2) Can you verify that ReportDate is being formatted as such: 2017-04-18 22:20:52+00 When I pull in this data directly, my existing viz converts all the dates to 1899-12-30 00:00:00 for some reason. I think it's because I had the dates formatted one way in the past and perhaps you are passing it along in a different format? Update: Oh, I think your dates have an extra ":00" at the end. Can you trim that off?

Thanks!!!

CharlotteJackson commented 3 years ago
  1. The crash data analysis table should actually already be limited to from dates after 1-1-2015, can you send me some examples of ones that are outside the range?
  2. The ReportDate field (and all timestamp fields) includes a time zone. If that format is messing up your viz, we can update the query to cast it as a date and also convert it to US Eastern time: " cast(reportdate at time zone 'America/New_York') as date as reportdate"
banjtheman commented 3 years ago

I just did a push, to format reportdate for the viz

image

eichler4dc commented 3 years ago

Thanks for this. i tried dropping this new data into the viz and encountered a set of errors.
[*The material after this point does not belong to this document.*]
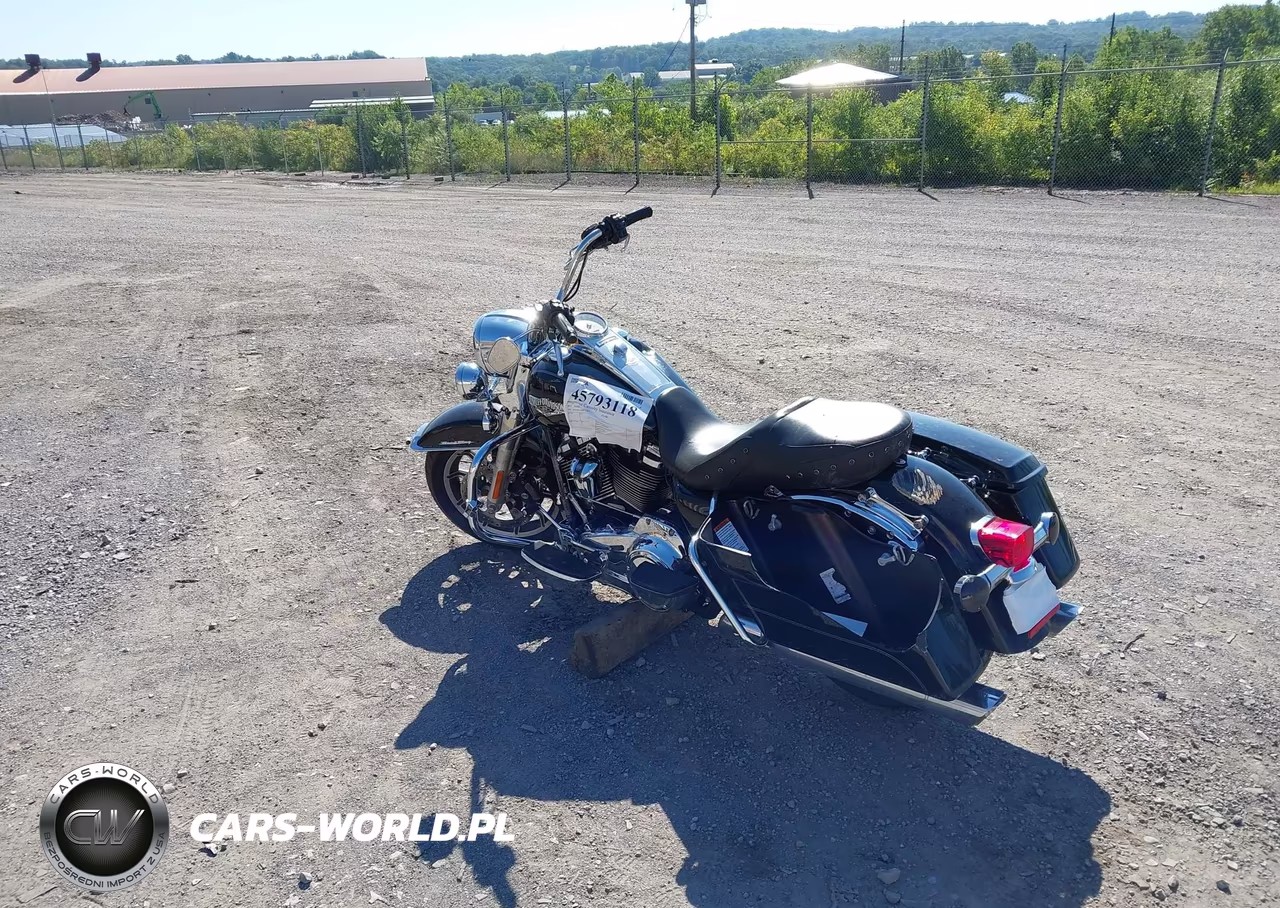 2017 Harley-Davidson Flhr Road King VIN:1HD1FBC15HB659600 - 3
I might need to recreate the viz at this point. it would be easier and faster than continuing to debug why this new dataset from the web data connector is incompatible with my old one. should only take me an hour or two.
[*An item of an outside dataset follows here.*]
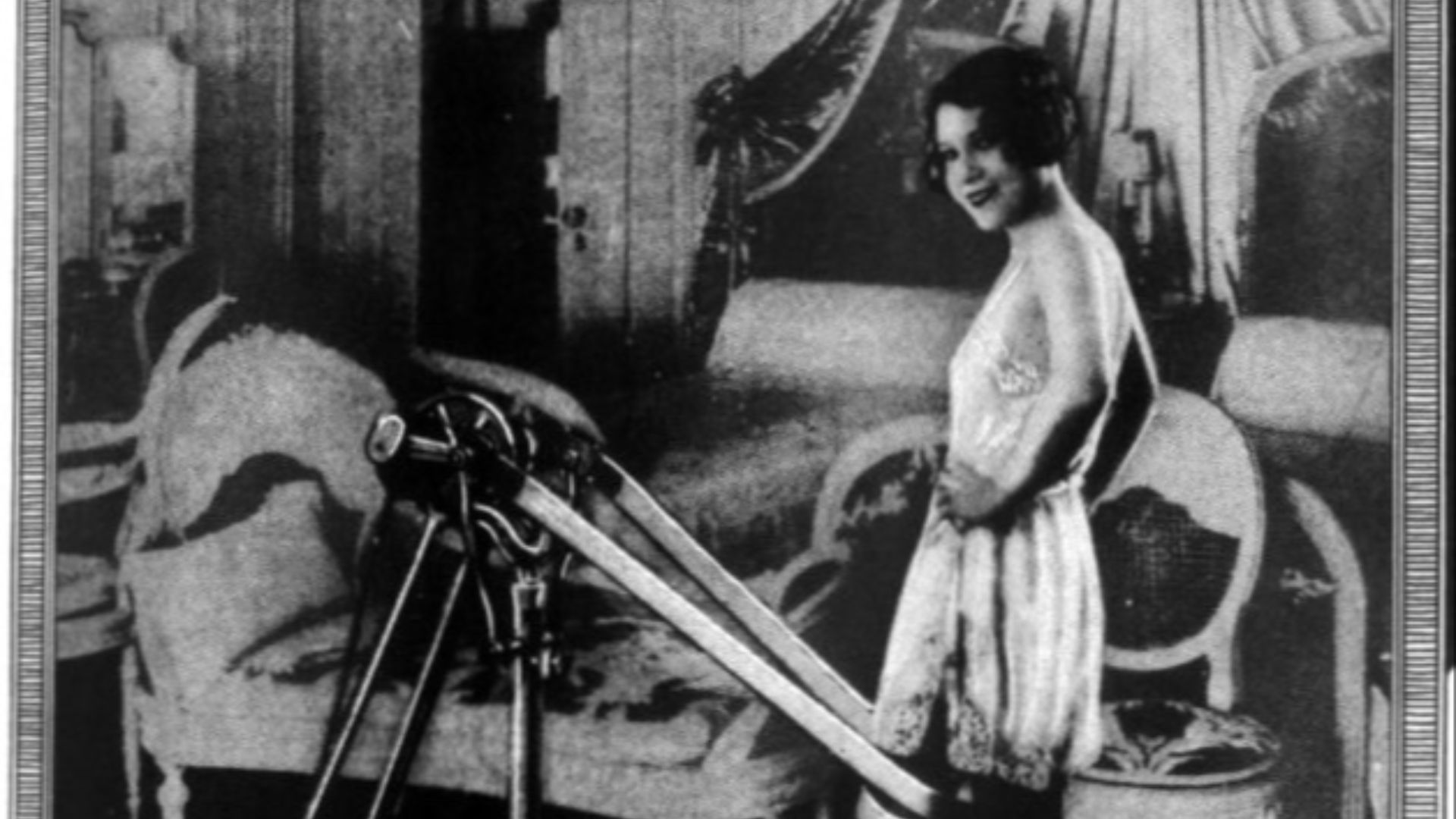 File:Vivienne Segal - Nov 1927 Vogue.jpg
eichler4dc commented 3 years ago

Before I decide to rebuild entirely, could we try adding the report date back in as another field, this time in text format? Here's the updated query:

select --*, reportdate, bicycle_fatalities as fatal_bicyclist, vehicle_fatalities as fatal_driver, pedestrian_fatalities as fatal_pedestrian, total_bicyclists as total_bicycles, total_pedestrians, drivers_impaired as driversimipared, drivers_speeding as speeding_involved, blockkey, 0 fatalpassenger, left(smd_id, 2) anc_id, smd_id , st_X(geography) x_coord, st_Y(geography) y_coord, intersectionid , to_char(reportdate, 'YYYYMMDD HH24:MI:SS') report_date_string from analysis_data.dc_crashes_w_details where reportdate between date '2015-01-01 00:00:01' and current_date order by reportdate desc

Thanks!

banjtheman commented 3 years ago

updated

image

banjtheman commented 3 years ago

Ok @eichler4dc I think i may have fixed the issue

Found all supported tableau data formats here https://tableau.github.io/webdataconnector/docs/wdc_ref_date_formats.html the +00 was invalid and was treating everything as a string. I updated the script to use the correct format and looks like the connector accepts the datetime format now correctly.

eichler4dc commented 3 years ago

this is great news. I was driving myself crazy trying to figure this out.

Before seeing this update, I pulled the data from the WDC into a new workbook and am finding it's only partial data. See below. I just queried the underlying data via pgAdmin and it matches. The underlying data is missing! @CharlotteJackson was there a change to the data loader? Or is it missing from the DC Open Data portal as well?

Perhaps I show folks how easy it is to validate whether the WDC is working as expected so you can debug it yourself instead of waiting for me to try it out in my Viz?

image
eichler4dc commented 3 years ago
image
eichler4dc commented 3 years ago

ZOMG it works. @banjtheman , thank you!!! I have to figure out one more thing before I publish it in place of my old dashboard, but here's the sneak peek: https://public.tableau.com/profile/michael.eichler#!/vizhome/DCCrashesbyBlock2010to2021-live/CrashesbyANCBlock

CharlotteJackson commented 3 years ago

Awesome! Are we good to close this issue?